A moins d’un report de dernière minute, une manifestation «de grande ampleur» est prévue aujourd’hui, 14 janvier, à Bamako, la capitale du Mali, suite à l’appel lancé lundi dernier par le chef de la junte et président de la République, le colonel Assimi Goïta. Dans un message à la nation, il a demandé à ses compatriotes de se mobiliser contre les sanctions de la Communauté économique des Etats de l’Afrique de l’Ouest (Cedeao) prises contre leur pays. «Il revient à chacun de taire les divisions de quelque nature que ce soit et de se retrouver autour de l’essentiel qu’est le Mali, notre patrie. Aussi, j’en appelle à une mobilisation constante et à une résilience face à la situation», avait-il déclaré. Le point culminant de la manifestation sera «un grand meeting» à la place de l’Indépendance, à Bamako.

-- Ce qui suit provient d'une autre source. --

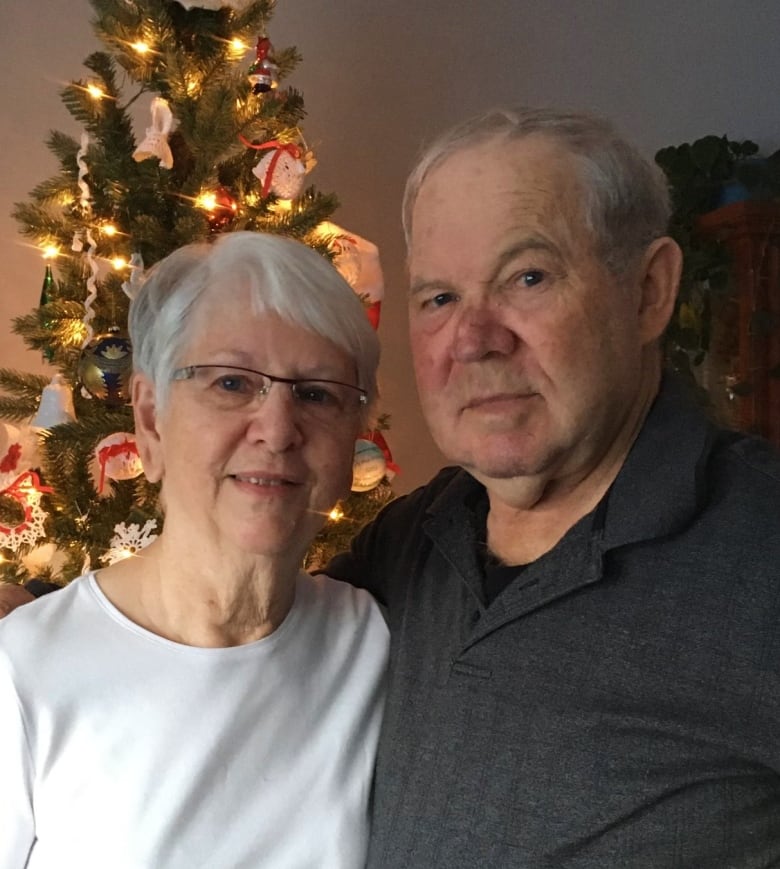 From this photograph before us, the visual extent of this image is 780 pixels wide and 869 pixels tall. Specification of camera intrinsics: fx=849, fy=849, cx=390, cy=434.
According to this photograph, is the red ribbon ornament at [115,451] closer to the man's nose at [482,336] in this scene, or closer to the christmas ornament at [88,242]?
the christmas ornament at [88,242]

La manifestation va regrouper, entre autres, plusieurs organisations de la société civile, des partis politiques et des syndicats d’enseignants hostiles à l’organisation régionale. «Ces sanctions ne sont pas dirigées contre la junte, mais contre la population et son soutien à ce régime de transition. Tout le monde sait qu’une transition de cinq ans n’est pas tenable mais ce qui est sûr, c’est qu’il faut de vraies réformes. Sanctionner le Mali pour une question de délai, c’est totalement injuste et inhumain», a déclaré à Radio France internationale (Rfi) le président de la Coordination nationale des organisations paysannes du Mali (Cnop), Ibrahima Coulibaly.

Réunis dimanche dernier, 9 janvier, à Accra, les chefs d’Etat de la Cedeao ont imposé des sanctions financières, commerciales et diplomatiques contre le Mali pour contraindre la junte de respecter ses engagements initiaux d’organiser des élections présidentielles le 27 février prochain pour remettre le pouvoir à un régime civil. Il s’agit du gel des avoirs maliens à la Banque centrale des Etats de l’Afrique de l’Ouest (Bceao), de la fermeture de ses frontières, du rappel des ambassadeurs des pays membres et du gel des transactions avec le pays. Les sanctions font suite à la décision de la junte de se maintenir au pouvoir pendant cinq ans avant d’organiser des élections présidentielles.

La position de la Cedeao est soutenue par une bonne partie de la communauté internationale outrée par l’entêtement des dirigeants maliens de prolonger la durée de la transition qui était censée durer 18 mois à partir du coup d’Etat d’août 2020. Mardi dernier, l’Union européenne (Ue), présidée par la France, a exprimé son «soutien ferme» à l’organisation régionale. Parmi ses autres soutiens de taille figure les Etats-Unis dont l’ambassadrice à l’Onu, Mme Linda Thomas-Greenfield, a estimé que la proposition de la junte de rester au pouvoir pendant cinq ans ne fera que prolonger «la douleur» du peuple malien.

En revanche, la junte malienne a les faveurs du régime militaire de la Guinée, de l’Algérie, de la Chine et de la Russie. Ces deux derniers pays ont bloqué mardi dernier une résolution de l’Onu destinée à soutenir la Cedeao dans son bras de fer avec la junte malienne. Plusieurs représentants africains n’ont pas aimé l’attitude de ces deux membres permanents du Conseil de sécurité qui ont usé de leur droit de véto. «Nous sommes déçus», a déclaré à la presse l’ambassadeur du Kenya à l’Onu, Martin Kimani, à l’issue de la réunion du Conseil de sécurité. Selon lui, à l’exception du Gabon, du Ghana et du Kenya, les autres pays africains étaient favorables au projet de résolution proposé par la France qu’ils ont jugé «relativement doux».